The passage of HB 4327 is a significant and long-overdue win for transparency, accountability, and — most importantly — for Illinois patients.
For the first time, Illinois will have an independent, standardized accounting of how the 340B program actually operates in our state: where the money flows, how contract pharmacies and third-party administrators are compensated, and whether the program is delivering on its core mission of serving vulnerable patients.
We have said from the beginning — and we will say it again today — that transparency must come before policy change, not after. That principle is now embedded in Illinois law.
The reporting framework in HB 4327 didn’t emerge out of nowhere. Similar language was proposed during negotiations over HB 2371 more than a year ago and was stripped out. Representative Deuter introduced HB 4594 and Senator Adrianne Johnson introduced SB 3146 earlier this year. Multiple independent study proposals were put forward in the House. The fact that we are here now — with a transparency bill finally advancing — is a reflection of persistent advocacy by legislators and stakeholders who believed the public deserved to know what is happening inside this program.
What states like Minnesota have already found is instructive: PBMs and large contract pharmacy chains have been capturing a disproportionate share of 340B revenue at the expense of FQHCs and smaller safety-net providers — the very entities the program was designed to support. HB 4327 will shine that same light on Illinois, and the data will tell us whether the same abuses are happening here.
On HB 2371 — iBIO’s position has been consistent. Major policy changes to a multi-billion-dollar federal program should be grounded in data and accountability.

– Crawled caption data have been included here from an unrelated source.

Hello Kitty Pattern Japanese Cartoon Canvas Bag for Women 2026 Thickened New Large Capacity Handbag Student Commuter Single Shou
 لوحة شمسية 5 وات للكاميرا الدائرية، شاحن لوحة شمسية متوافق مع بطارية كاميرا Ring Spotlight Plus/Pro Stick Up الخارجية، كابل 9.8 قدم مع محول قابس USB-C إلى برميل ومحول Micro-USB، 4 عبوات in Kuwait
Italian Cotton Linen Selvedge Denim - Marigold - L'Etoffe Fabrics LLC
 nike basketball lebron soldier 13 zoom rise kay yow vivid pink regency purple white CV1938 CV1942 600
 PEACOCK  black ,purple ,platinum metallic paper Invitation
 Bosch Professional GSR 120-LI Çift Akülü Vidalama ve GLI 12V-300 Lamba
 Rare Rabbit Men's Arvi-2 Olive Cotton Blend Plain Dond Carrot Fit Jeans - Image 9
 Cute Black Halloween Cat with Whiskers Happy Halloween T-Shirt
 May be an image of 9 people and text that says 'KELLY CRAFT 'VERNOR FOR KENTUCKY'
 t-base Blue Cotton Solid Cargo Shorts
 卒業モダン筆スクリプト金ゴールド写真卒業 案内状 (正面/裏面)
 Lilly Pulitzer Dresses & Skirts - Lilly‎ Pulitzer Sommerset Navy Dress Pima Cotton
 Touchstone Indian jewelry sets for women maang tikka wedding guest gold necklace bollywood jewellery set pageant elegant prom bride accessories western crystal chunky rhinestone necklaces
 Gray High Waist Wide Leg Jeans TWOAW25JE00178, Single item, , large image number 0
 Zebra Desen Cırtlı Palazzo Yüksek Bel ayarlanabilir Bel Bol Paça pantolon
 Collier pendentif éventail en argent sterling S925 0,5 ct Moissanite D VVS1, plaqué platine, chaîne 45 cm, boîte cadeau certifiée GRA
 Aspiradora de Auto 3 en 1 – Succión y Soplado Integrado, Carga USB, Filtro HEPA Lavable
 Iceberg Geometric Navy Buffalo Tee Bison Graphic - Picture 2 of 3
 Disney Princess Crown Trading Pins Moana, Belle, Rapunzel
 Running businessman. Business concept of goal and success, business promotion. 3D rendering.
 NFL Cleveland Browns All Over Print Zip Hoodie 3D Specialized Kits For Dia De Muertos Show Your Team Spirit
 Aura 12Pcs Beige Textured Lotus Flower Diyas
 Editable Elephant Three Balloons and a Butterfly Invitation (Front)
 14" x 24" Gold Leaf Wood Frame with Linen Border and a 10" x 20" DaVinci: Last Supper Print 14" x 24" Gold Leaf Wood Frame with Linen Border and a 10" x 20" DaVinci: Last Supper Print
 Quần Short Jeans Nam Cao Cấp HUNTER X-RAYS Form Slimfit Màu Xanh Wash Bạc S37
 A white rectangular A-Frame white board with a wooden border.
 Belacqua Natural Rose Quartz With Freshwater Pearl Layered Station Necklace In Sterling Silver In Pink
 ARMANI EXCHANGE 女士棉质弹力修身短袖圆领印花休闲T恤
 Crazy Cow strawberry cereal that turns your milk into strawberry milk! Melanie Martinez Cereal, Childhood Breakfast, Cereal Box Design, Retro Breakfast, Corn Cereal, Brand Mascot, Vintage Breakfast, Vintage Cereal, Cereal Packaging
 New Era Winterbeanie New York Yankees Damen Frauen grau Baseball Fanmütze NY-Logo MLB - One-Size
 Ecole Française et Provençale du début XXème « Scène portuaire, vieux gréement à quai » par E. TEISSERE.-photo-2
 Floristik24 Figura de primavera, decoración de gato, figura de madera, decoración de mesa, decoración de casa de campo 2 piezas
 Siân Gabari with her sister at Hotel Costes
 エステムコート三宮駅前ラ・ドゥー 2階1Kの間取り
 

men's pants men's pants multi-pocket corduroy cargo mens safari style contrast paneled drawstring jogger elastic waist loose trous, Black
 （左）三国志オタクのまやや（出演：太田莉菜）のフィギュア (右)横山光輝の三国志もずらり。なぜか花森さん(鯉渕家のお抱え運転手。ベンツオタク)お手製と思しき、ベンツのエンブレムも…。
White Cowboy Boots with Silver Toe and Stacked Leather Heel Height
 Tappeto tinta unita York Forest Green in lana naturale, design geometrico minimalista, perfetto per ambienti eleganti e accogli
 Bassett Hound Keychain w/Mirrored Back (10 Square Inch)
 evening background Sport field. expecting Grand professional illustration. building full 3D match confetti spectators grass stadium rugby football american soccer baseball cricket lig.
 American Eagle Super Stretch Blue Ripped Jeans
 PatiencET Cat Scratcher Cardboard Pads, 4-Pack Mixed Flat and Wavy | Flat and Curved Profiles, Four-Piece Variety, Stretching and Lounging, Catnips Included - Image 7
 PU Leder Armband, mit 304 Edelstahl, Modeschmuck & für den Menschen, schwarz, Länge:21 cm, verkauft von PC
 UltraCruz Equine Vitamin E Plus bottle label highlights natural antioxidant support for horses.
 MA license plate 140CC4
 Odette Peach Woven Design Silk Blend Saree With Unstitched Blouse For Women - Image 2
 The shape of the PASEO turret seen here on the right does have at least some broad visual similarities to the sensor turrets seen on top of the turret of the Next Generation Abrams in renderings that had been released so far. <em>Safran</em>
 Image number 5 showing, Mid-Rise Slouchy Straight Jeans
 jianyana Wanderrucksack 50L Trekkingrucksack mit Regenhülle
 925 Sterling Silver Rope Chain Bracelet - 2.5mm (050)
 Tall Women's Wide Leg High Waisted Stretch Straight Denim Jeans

We continue to believe the reporting framework should inform and shape any further reforms. We will be watching closely to ensure the reporting requirements in HB 4327 are implemented with rigor and independence, and that the results drive evidence-based policy going forward.
I want to thank Leader Lilly for her leadership in getting HB 4327 across the finish line. Illinois patients and taxpayers deserve to know how this program is working — and now, we will find out.
John Conrad is President & CEO of the Illinois Biotechnology Innovation Organization (iBIO), the state trade association representing the life sciences industry in Illinois.